Multiple perspectives, however, are increasingly possible thanks to the last decade of research. Imagine realizing you should have taken a photo from a different angle, then asking the AI to make that adjustment, giving the same scene a new perspective. As of 2020, NeRF (neural radiance field) algorithms have proposed a pathway to create “photorealistic romantic views” but required combining many photos so that an AI system could generate a 3D representation. Other 3D approaches use AI to predictively fill in missing information, deviating further from reality.
Now imagine that each image of Titanic were represented in 3D so that the film existed in 4D. You can scroll through time to see different moments or scroll through space to look at it from different perspectives. You can also generate new versions of it. For example, a recent preprint, “NeoVerse: Enhanced 4D World Model with Monocular Wilderness Videos“, describes a way to transform videos into 4D models to generate new videos from different perspectives.
But 4D techniques can also help generate new video content. Another recent preprint, “TeleWorld: towards a dynamic multimodal synthesis with a 4D world model“, applies to the scenario we started with: the dog running behind the love seat. The authors claim that the stability of AI video systems improves when a continuously updated 4D world model guides the generation. The 4D model of the system would help prevent the love seat from turning into a sofa and the dog from losing its collar.

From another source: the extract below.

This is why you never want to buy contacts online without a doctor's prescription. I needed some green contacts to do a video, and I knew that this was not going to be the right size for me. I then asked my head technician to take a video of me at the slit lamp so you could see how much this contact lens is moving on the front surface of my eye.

These are early results, but they suggest a broader trend: models that update an internal scene map as they are generated. However, 4D modeling has many applications beyond video generation. For augmented reality (AR) – think Meta’s prototype Orion glasses – a 4D world model is an evolving map of the user’s world over time. It allows AR systems to maintain the stability of virtual objects, make lighting and perspective believable, and have a spatial memory of what happened recently. This also allows for occlusions, when digital objects disappear behind real objects. An article from 2023 expresses the requirement bluntly: “To achieve occlusion, a 3D model of the physical environment is necessary. »
Being able to quickly convert videos to 4D also provides rich data for training robots and autonomous vehicles on how the real world operates. And by generating 4D models of the space they’re in, robots could better navigate their way around and predict what might happen next. Today’s general-purpose vision language AI models, which understand images and text but do not generate clearly defined world models, often make mistakes; A reference document presented at a conference in 2025 report “striking limitations” in their basic world-modeling capabilities, including “near-random accuracy when distinguishing motion trajectories.”

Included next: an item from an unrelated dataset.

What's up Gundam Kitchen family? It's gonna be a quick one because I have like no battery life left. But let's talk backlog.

Here’s the catch: the “global model” means much more to those seeking AGI. For example, today’s leading extended language models (LLMs), such as those powering ChatGPT, have an implicit sense of the world from their training data. “In some ways, I would say the LLM already has a very good global model; it’s just that we don’t really understand how it works,” says Angjoo Kanazawa, assistant professor of electrical engineering and computer science at the University of California, Berkeley. However, these conceptual models do not provide a physical understanding of the world in real time, because LLMs cannot update their training data in real time. Even OpenAI technical report notes that once deployed, its GPT-4 model “does not learn from experience.”
“How do we develop a Smart LLM vision system that can actually have continuous input, update its understanding of the world and act accordingly? » said Kanazawa. “It’s a big open issue. I think AGI is not possible without actually solving this problem.

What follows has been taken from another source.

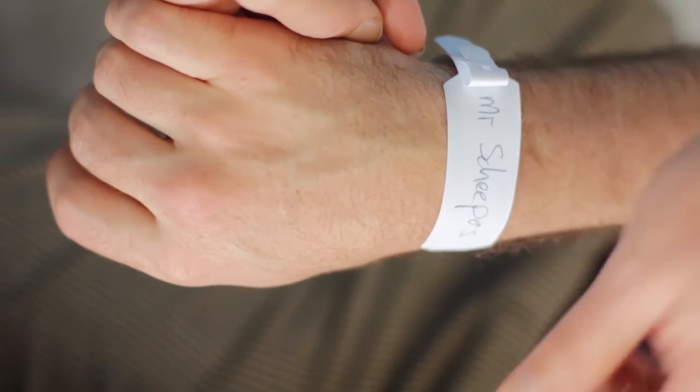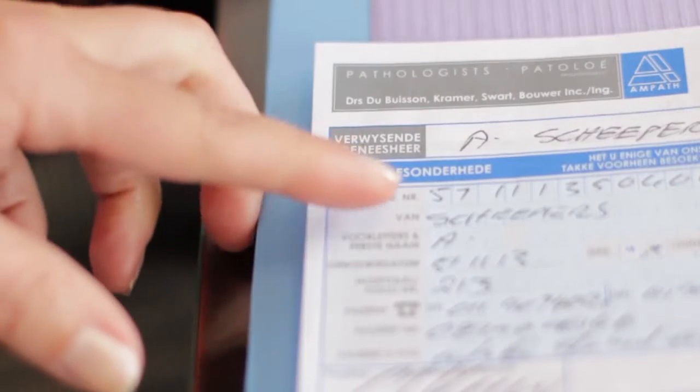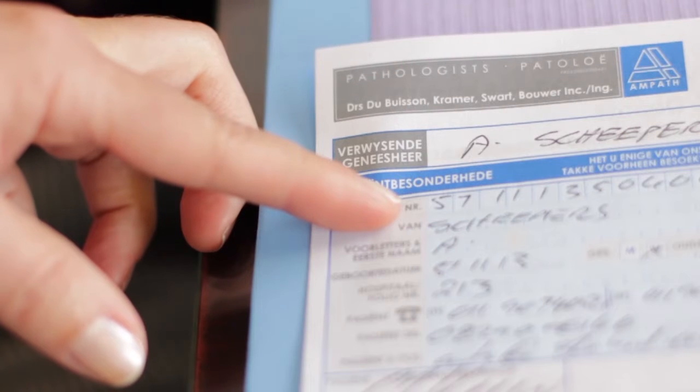Before starting this phlebotomy procedure, first, greet the patient and introduce yourself. Pause to confirm that you have positively identified the correct patient and that you are performing the correct procedure.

Although researchers debate whether LLMs could ever achieve AGI, many view LLMs as a component of future AI systems. The LLM would serve as a layer for “language and common sense to communicate,” Kanazawa says; it would serve as an “interface”, while a more clearly defined underlying world model would provide the necessary “spatio-temporal memory” that current LLMs lack.
In recent years, a number of prominent AI researchers have turned to global models. In 2024, Fei Fei Li founded World Labs, which recently launched its Marble software to create 3D worlds from “text, images, video, or rough 3D layouts,” according to the startup. promotional material. Death November AI reserve Yann LeCun announced on LinkedIn that he was leaving Meta to launch a startup, now called Advanced Machine Intelligence (AMI Labs), to build “systems that understand the physical world, have persistent memory, can reason, and plan complex action sequences.” He sowed these ideas in a Position statement 2022 in which he asked why humans can act well in situations they have never encountered and argued that the answer “might lie in the ability…to learn models of the world, internal models of how the world works.” Research increasingly shows the benefits of internal models. April 2025 Nature reported paper results on DreamerV3an AI agent that, by learning a model of the world, can improve its behavior by “imagining” future scenarios.
While in the context of AGIthe “world model” refers more to an internal model of how reality works, not just 4D reconstructions. Advances in 4D modeling could provide components that help understand viewpoints, memory and even short-term predictions. And meanwhile, on the path to AGI, 4D models can provide rich simulations of reality in which to test AIs to ensure that when we let them operate in the real worldthey know how to exist there.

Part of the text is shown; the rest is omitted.